The Fw 190A series’ performance decreased at high altitudes (usually 6,000 m (20,000 ft) and above), which reduced its effectiveness as a high-altitude interceptor, but this problem was mostly rectified in later models, particularly in the Junkers Jumo 213 inline-engine Focke-Wulf Fw 190D series, which was introduced in September 1944 and restored relative parity with Allied opponents.
The Fw 190 was well-liked by its pilots. Some of the Luftwaffe’s most successful fighter aces claimed a great many of their kills while flying it, including Otto Kittel, Walter Nowotny and Erich Rudorffer.
Fw 190 F-8
The A-8 model re-designated, having a slightly modified injector on the compressor which allowed for increased performance at lower altitudes for several minutes. Armament of the Fw 190 F-8 was two 20 mm MG 151/20 cannon in the wing roots and two 13 mm (.51 in) MG 131 machine guns above the engine.
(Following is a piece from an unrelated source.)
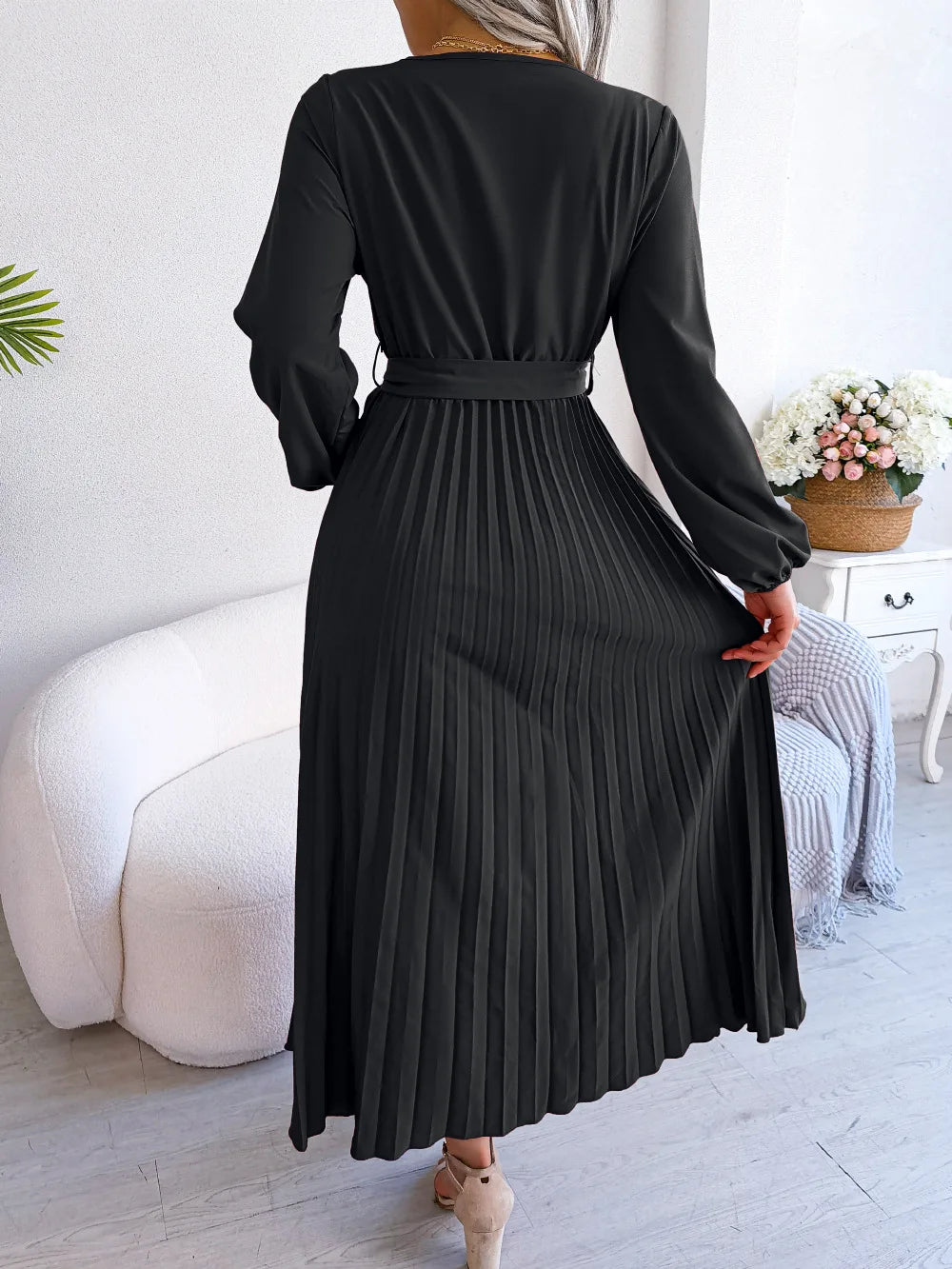 Women’s Elegant V-Neck Pleated Maxi Dress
Fw 190 F-8/U1 – long range JaBo, fitted with underwing V.Mtt-Schloß shackles to hold two 300 L (80 US gal) fuel tanks. ETC 503 bomb racks were also fitted, allowing the Fw 190 F-8/U1 to carry one SC 250 bomb under each wing and one SC 250 bomb on the centreline.
Fw 190 F-8/U2 – torpedo bomber was fitted with an ETC 503 bomb rack under each wing and a centre-line mounted ETC 504. The U2 was also equipped with the TSA 2 A weapons sighting system that improved the U2’s ability to attack seaborne targets with a 700 kg (1,500 lb) BT 700.
Fw 190 F-8/U3 – heavy torpedo bomber was outfitted with an ETC 502, which allowed it to carry one BT-1400 heavy torpedo (1,400 kg (3,100 lb)). Owing to the size of the torpedo, the U3’s tail gear needed to be lengthened. The U3 also was fitted with the 2,000 PS BMW 801S engine, and the tail from the Ta 152.
Fw 190 F-8/U4 – created as a night fighter, was equipped with flame dampers on the exhaust and various electrical systems such as the FuG 101 radio altimeter, the PKS 12 automatic pilot, and the TSA 2 A sighting system. Weapons fitted ranged from torpedoes to bombs; however, the U4 was fitted with only two MG 151/20 cannon as fixed armament.